Wednesday, January 30, 2013

40 years too long (Written January 20th)

"Where have all the graveyards gone? Gone to flowers, everyone"....or so that Pete Seeger song goes (famously performed by the folk group Peter, Peter and Mary). If you aren't familiar with this song, it is a very touching and poignant song often performed by folk groups in protest to the Vietnam War-- all those flowers gone to graveyards in remembrance of so many, many dead. I guess it natural, then, that this song has been running through my head lately as the black cloud of the anniversary of Roe V. Wade will soon be upon us.

February is the month of my birth and since I was born after January 22nd 1973, I consider myself to be a survivor. I survived the true war on women: I was able to make it out of my mother's womb alive. My birthday serves as a yearly reminder to thank God for giving me the mother He did as I realize that I was only a mother away from no birthday at all. It is beyond sad for me to think of those 55 million casualties, many friends I will never know, blessings from their lives that I will never receive.

55 million dead babies: far too many flowers.

This Tuesday, the media and many so called feminist leaders will tell us (as they do every year at this time) that we should be celebrating this historic landmark "civil rights" decision for women. Oh yes, we'll all have to somehow try and keep our lunches down when gray-haired feminist after gray-haired feminist is rolled out for all to see celebrating this so-called right to choose. We will shake our heads in disbelief at hearing the voice of our own president joining this chorus of celebration: A man whose voice no one would have ever heard had his mother exercised the kind of "choice" he not only celebrates, but now mandates. The legal victory for reproductive choice that was based on a lie, turning our wombs into battlegrounds and giving pregnant women only one choice: Should I be the mother of a live baby or a dead one?

All the while women are waiting to finally get what we supposedly won. Especially, in light of what so many women have clearly lost.

So many women have lost their self-esteem and any healthy concept of self-worth. Women struggle with body image issues and issues of self-harm. Many women have lost the connection to their own bodies, this connection severed so violently, that they are easily duped into celebrating harmful chemicals and devices as "healthcare." Many young women have no idea of their true worth and the value of their own identity, sacrificing their precious bodies (detached from their minds and hearts) at the altar of unworthy male attention. Women have unwittingly surrendered the ability to recognize true love, settling for a weekend hook-up instead of embracing the gift of a lifetime love-up.

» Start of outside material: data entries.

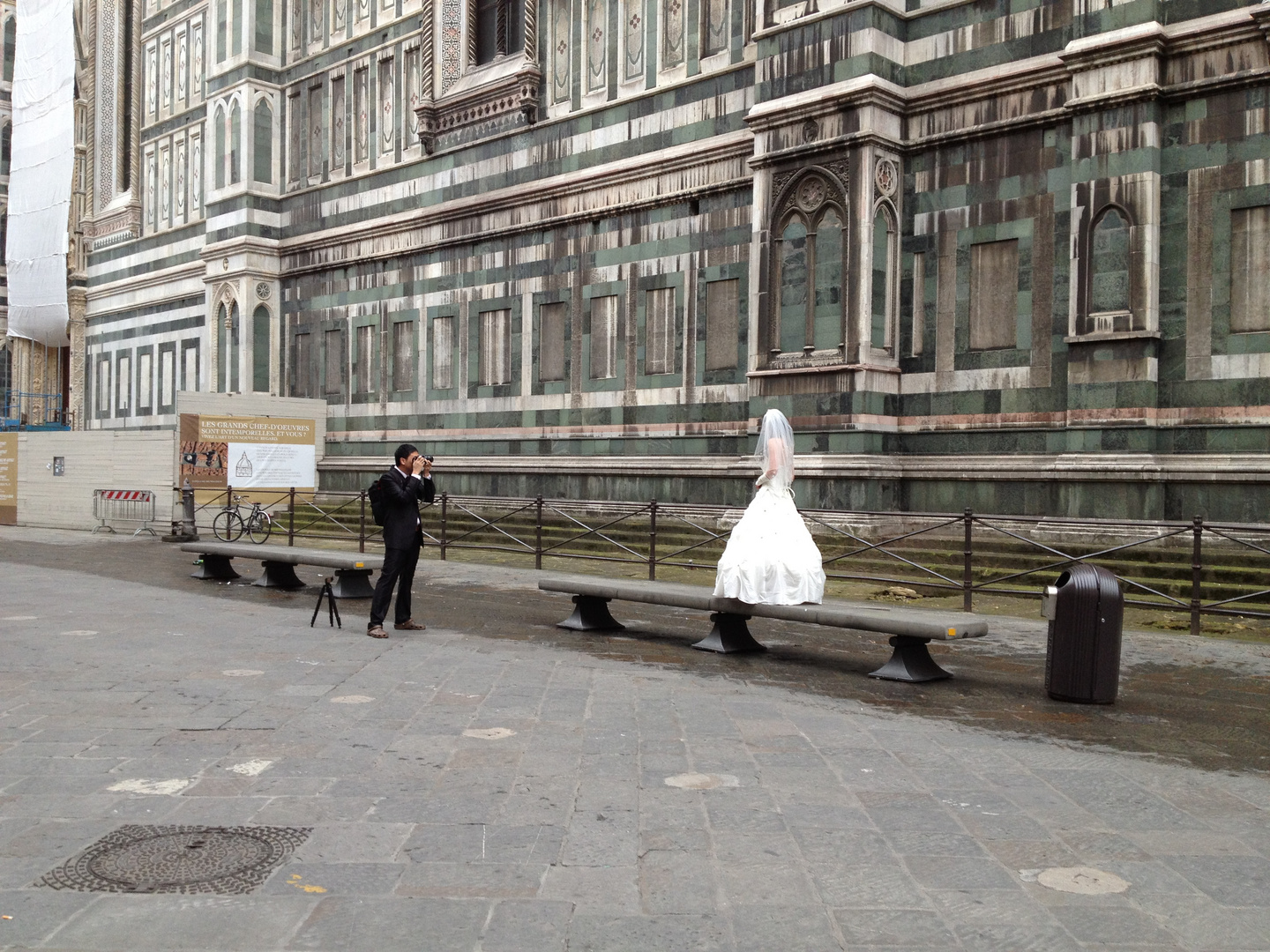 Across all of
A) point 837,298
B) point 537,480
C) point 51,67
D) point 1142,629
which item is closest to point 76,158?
point 51,67

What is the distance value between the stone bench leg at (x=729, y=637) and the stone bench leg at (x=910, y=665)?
1.42 metres

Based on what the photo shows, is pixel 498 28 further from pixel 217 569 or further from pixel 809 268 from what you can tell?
pixel 217 569

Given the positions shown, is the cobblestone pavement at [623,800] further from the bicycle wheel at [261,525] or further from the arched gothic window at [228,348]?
the arched gothic window at [228,348]

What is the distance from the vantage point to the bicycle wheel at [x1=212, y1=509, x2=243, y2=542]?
22609mm

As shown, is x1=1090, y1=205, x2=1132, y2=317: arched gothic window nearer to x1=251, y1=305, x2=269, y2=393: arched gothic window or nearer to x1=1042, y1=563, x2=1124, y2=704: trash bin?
x1=1042, y1=563, x2=1124, y2=704: trash bin

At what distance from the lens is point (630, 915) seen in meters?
3.88

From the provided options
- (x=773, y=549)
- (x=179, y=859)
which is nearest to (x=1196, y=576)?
(x=773, y=549)

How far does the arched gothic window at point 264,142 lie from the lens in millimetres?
31234

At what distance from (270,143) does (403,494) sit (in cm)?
2463

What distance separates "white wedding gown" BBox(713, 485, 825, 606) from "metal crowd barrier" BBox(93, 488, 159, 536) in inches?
720

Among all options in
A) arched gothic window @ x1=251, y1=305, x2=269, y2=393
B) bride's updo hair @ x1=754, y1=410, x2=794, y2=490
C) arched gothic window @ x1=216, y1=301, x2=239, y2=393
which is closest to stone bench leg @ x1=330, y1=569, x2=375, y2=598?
bride's updo hair @ x1=754, y1=410, x2=794, y2=490

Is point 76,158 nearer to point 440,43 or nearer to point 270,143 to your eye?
point 270,143

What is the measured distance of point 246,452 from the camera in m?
25.0

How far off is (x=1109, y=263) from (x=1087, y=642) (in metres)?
8.91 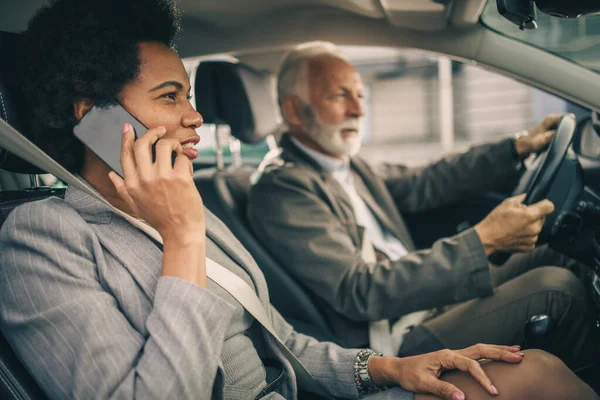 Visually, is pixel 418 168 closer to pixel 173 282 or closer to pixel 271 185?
pixel 271 185

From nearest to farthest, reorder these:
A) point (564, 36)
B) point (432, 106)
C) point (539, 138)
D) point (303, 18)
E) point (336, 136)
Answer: point (564, 36) → point (303, 18) → point (539, 138) → point (336, 136) → point (432, 106)

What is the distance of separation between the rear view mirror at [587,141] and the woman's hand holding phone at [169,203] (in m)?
1.55

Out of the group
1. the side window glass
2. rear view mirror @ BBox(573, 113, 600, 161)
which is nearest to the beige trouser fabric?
rear view mirror @ BBox(573, 113, 600, 161)

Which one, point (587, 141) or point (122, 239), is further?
point (587, 141)

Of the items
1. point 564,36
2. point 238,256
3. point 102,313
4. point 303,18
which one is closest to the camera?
point 102,313

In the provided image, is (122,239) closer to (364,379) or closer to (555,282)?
(364,379)

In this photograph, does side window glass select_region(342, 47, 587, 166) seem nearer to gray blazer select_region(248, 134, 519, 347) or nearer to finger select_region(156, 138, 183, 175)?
gray blazer select_region(248, 134, 519, 347)

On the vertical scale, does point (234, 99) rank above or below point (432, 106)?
above

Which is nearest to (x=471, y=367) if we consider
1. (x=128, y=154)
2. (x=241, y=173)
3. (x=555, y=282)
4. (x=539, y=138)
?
(x=555, y=282)

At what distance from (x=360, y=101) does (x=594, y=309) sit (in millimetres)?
1047

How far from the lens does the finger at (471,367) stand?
3.58ft

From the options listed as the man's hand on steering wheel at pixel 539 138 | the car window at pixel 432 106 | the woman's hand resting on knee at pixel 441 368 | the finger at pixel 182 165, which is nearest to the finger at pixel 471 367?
the woman's hand resting on knee at pixel 441 368

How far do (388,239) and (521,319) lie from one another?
64 cm

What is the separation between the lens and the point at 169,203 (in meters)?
0.98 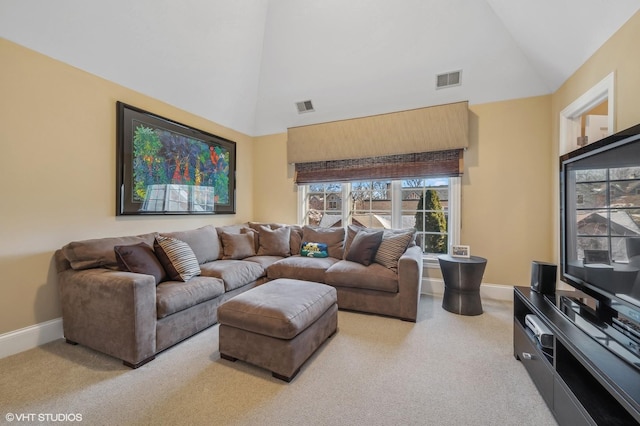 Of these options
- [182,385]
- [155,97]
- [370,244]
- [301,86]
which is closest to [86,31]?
[155,97]

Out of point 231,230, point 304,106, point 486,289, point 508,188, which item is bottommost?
point 486,289

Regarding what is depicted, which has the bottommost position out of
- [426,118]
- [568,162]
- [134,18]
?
[568,162]

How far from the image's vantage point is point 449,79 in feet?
10.4

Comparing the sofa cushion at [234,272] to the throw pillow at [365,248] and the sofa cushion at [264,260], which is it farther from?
the throw pillow at [365,248]

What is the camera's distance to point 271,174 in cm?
457

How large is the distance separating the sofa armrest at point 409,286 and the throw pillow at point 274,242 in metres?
1.71

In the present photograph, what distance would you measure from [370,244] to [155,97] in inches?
117

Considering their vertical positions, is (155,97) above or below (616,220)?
above

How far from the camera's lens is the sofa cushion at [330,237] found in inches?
141

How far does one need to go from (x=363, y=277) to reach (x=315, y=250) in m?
0.96

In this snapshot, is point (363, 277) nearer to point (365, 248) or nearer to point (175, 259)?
point (365, 248)

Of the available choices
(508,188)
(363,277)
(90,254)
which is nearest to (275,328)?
(363,277)

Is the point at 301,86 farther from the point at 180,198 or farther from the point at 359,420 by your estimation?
the point at 359,420

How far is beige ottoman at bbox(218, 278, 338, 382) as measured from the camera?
5.73 feet
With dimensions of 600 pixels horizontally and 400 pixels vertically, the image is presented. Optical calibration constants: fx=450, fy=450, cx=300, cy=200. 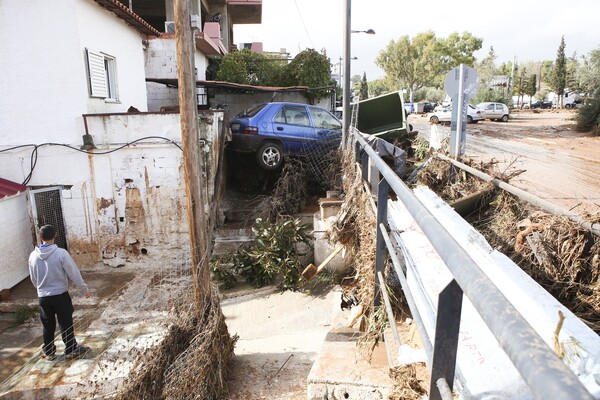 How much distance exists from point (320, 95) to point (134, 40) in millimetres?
7905

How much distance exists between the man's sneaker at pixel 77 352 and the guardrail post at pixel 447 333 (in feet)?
19.1

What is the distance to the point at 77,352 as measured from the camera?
5.96 m

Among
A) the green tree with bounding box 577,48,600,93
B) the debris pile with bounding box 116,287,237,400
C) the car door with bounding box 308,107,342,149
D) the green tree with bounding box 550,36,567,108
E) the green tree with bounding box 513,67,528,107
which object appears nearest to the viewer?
the debris pile with bounding box 116,287,237,400

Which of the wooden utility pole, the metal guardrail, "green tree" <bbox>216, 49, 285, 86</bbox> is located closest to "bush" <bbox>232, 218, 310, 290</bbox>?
the wooden utility pole

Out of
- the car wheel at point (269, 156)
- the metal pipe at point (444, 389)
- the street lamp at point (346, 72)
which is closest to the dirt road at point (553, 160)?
the street lamp at point (346, 72)

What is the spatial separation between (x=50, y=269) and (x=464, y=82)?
6574mm

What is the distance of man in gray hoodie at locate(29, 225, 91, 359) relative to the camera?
5.74 metres

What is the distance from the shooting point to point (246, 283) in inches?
315

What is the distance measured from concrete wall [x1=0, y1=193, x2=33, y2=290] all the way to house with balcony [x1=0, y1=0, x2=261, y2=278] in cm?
17

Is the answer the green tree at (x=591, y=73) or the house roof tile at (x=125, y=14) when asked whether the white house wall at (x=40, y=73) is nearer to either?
the house roof tile at (x=125, y=14)

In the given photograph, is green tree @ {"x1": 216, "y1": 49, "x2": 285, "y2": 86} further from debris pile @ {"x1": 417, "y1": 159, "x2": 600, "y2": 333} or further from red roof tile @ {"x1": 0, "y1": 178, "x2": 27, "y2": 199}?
debris pile @ {"x1": 417, "y1": 159, "x2": 600, "y2": 333}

When I was little, my Dad would often tell me Bible stories and he never missed an opportunity to tell me that I was even more valuable than that pearl of great price. My parents raised me to believe that my body and my sexuality were gifts from a loving God. My father was present, emotionally and physically, and somewhere in all of this I got the message they were so carefully trying to send: I was worthy of love.

I wonder what our society might look like if more girls were raised with this kind of loving care. Maybe we wouldn't be in need of such landmark "civil rights" decisions.

Yet, we have reason to be encouraged. Women, especially young women, are embracing the pro-life movement like never before. More and more people identify with the pro-life movement and are more comfortable speaking out against abortion to family and friends. We routinely see Planned Parenthood clinics closing, just like the local one here in my area that closed about 2 years ago. In addition to the pro-abortion clinics that are closing, we are seeing many new pro-life initiatives like The Guiding Star Project and specifically pro-woman, pro-life clinics such as the Women's Care Center in my hometown of Duluth, Minnesota opening this year right across the street from the local abortion clinic.

"The light shines in the darkness, and the darkness has not overcome it." (John 1:5)

So as we embark on 40 years of dead little babies and a trail of wounded mothers and fathers, let us pray for the next forty years:

Let us pray that God will make us signs of His love to women so they many never have to feel such despair.

Let us pray that little girls everywhere are raised to know what a gift being a woman truly is and are raised in the beautiful knowledge of their true worth.

Let us pray for an end to abortion and for the healing of so many wounded mothers and fathers made victims by this culture of death.

Finally, let us pray that we may someday soon see an end to what we have been forced to witness over these last 40 years: 55 million dead babies, without flowers, who aren't remembered in graveyards.